月の女神に、希望の歌を
「ちょっと変わったタイムリープ恋愛もの」です。
「僕よりも、ずっと先の未来を生きていく本宮美憂さんへ」という導入から、ガツンと引き込まれました。面白いです。
【作者】
ヤマダマコト
【あらすじ・概要】
新潟県の月潟に住む、小学5年生の井浦洋平は、転校生の坂口真由と、地域のドッチボール大会を契機に親しくなる。そして中学に進学した二人はお互いに惹かれあうようになる。

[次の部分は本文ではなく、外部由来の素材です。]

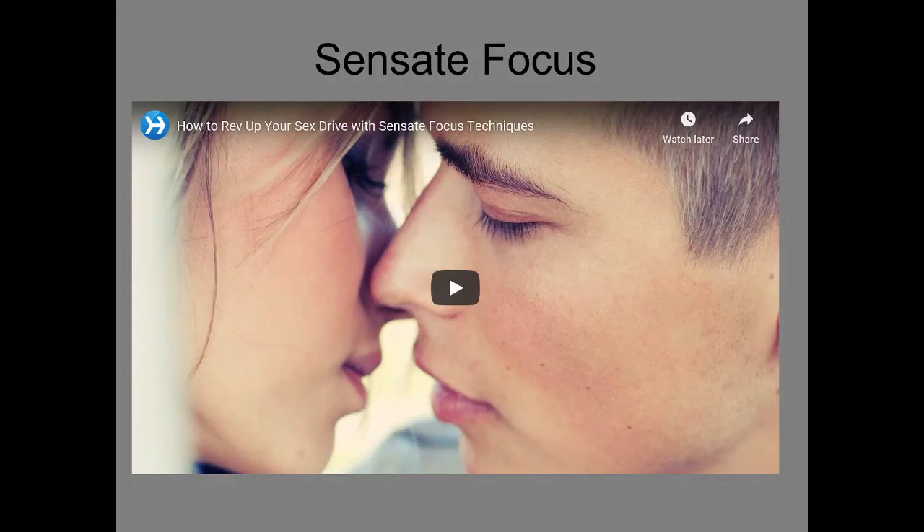Sensate Focus is really well-known and really effective. It's also completely free and it kind of returns people back to when sex was not so run-of-the-mill — something a lot of couples experience — and it just puts you back in that passionate mindset. You might think, well, how does it work for premature ejaculation if it's making things more exciting? But the goal is that you're just enjoying the sensations rather than focusing on orgasm.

二人はある月夜に舞う、青く輝く蝶のような「オオミズアオ」に心を奪われる。洋平はカメラを持ってこなかったことを悔やむが、真由は目に焼き付け忘れないと誓い言う
「平成5年7月27日、私、坂口真由は、井浦洋平と一緒にオオミズアオを見ました」。
数日後、図書館で勉強をしていた真由と洋平は変質者に襲われる。洋平はトイレで刺され、真由は廃病院に連れ去られ殺されてしまう。一命をとりとめた洋平は、真由の喪失に耐えられず、逃げるように月潟から離れていった。
14年後、27歳になった洋平は、叔母が経営する写真館のカメラマン店長として月潟に戻る。そこで出会った小学4年生の少女、本宮美憂と出会い、奇跡を目の当たりにする。
【感想・考察】
ヤマダマコトさんの作品には、独特な「生死観」が流れている。
「死」そのものをグロテスクに捉えながら、「魂」の永続性を感じている。
原初的で土着的な感覚なのだろう。
最初の頃は、著者が作品舞台を常に新潟にする必然性が感じられなかったが、この土着的な雰囲気は、例えば東京では成立しないものなのだろう。
著者は、この物語を「ハッピーエンド」として書いているのだと思うが、その土着的な雰囲気に馴染んでいない立場からは「残酷で悲しい話」に見える。
そのギャップがフックとなって印象的なストーリーとなっているのだろう。
とても面白かった。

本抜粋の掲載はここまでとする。